= Norodom Montana =

Cambodian politician (1902–1975)

Prince Norodom Montana (នរោត្តម ម៉ុងតាណា) was a Cambodian politician, who held a number of ministerial posts and served as the president of the upper chamber of the legislature.

Montana was born on 18 March 1902 in Phnom Penh. A member of the Cambodian royal family, he was a son of prince Monthonthanay and grandson of prince Norodom Duong Chakr. He worked in the French civil service.
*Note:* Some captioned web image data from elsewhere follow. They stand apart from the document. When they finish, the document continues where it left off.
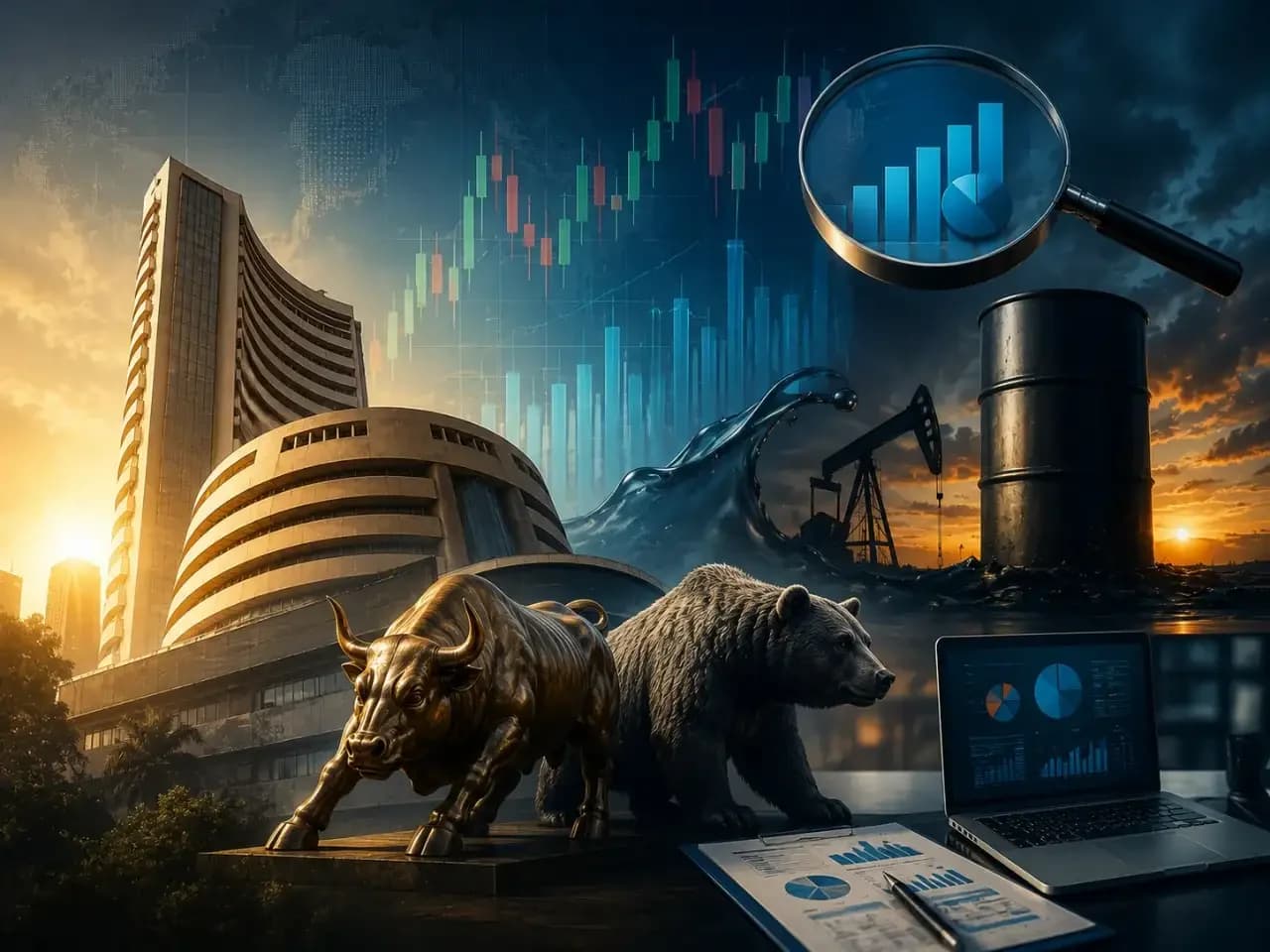 Nifty, Sensex face volatile week amid Q1 earnings; 35% weightage at risk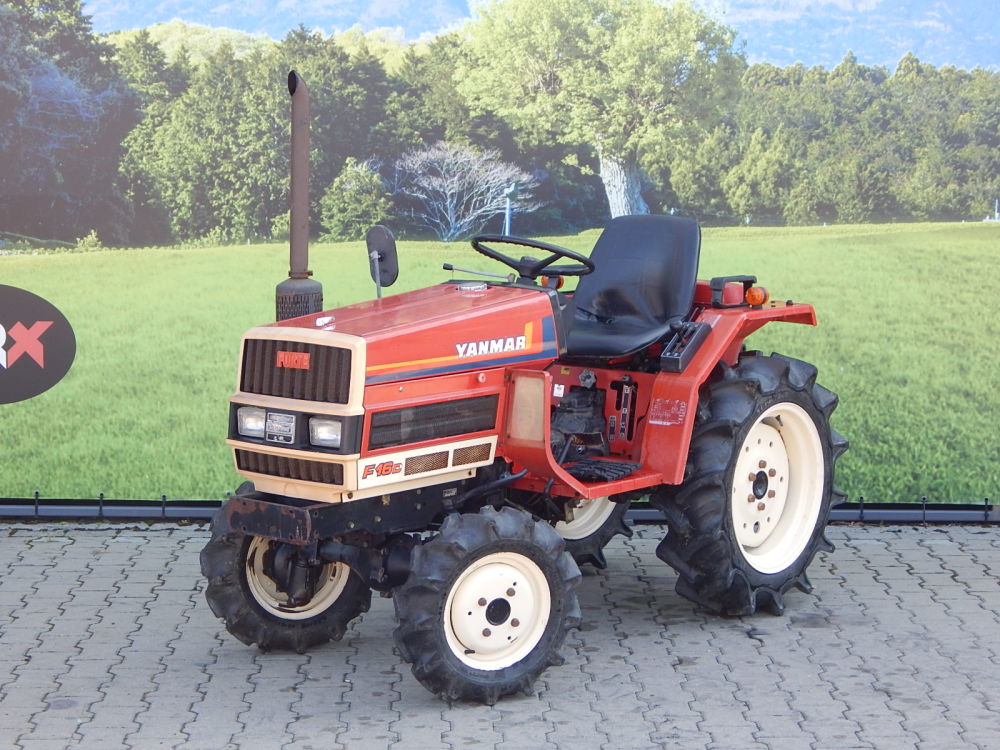 Yanmar, model F16D, nr. ramy: 16000 4WD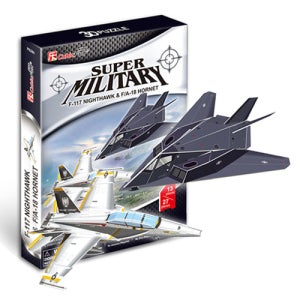 큐빅펀 3D퍼즐 나이트호크&호넷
He was minister of religion, and then minister of economy from March to August 1945, then minister of agriculture from August to October 1945. He founded Progressive Democratic Party in April 1946, which failed to win any seats in the National Assembly of Cambodia in 1947. Montana became a member of the High Council of the Kingdom in 1948. He was minister of public training and sports from November 1953 to April 1954, then minister of public religion and labor in April 1954, then minister of public health and labour from April to July 1954. He was appointed minister of education from January to September 1955. He was later appointed as governor of Kampot province and later governor of Kampong Speu province. He was president of the Royal Council from 1963 to at least 1967.

Montana married several times and had 13 children.

It is believed that he died in 1975 during the political purges carried out by the Khmer Rouge after it took power.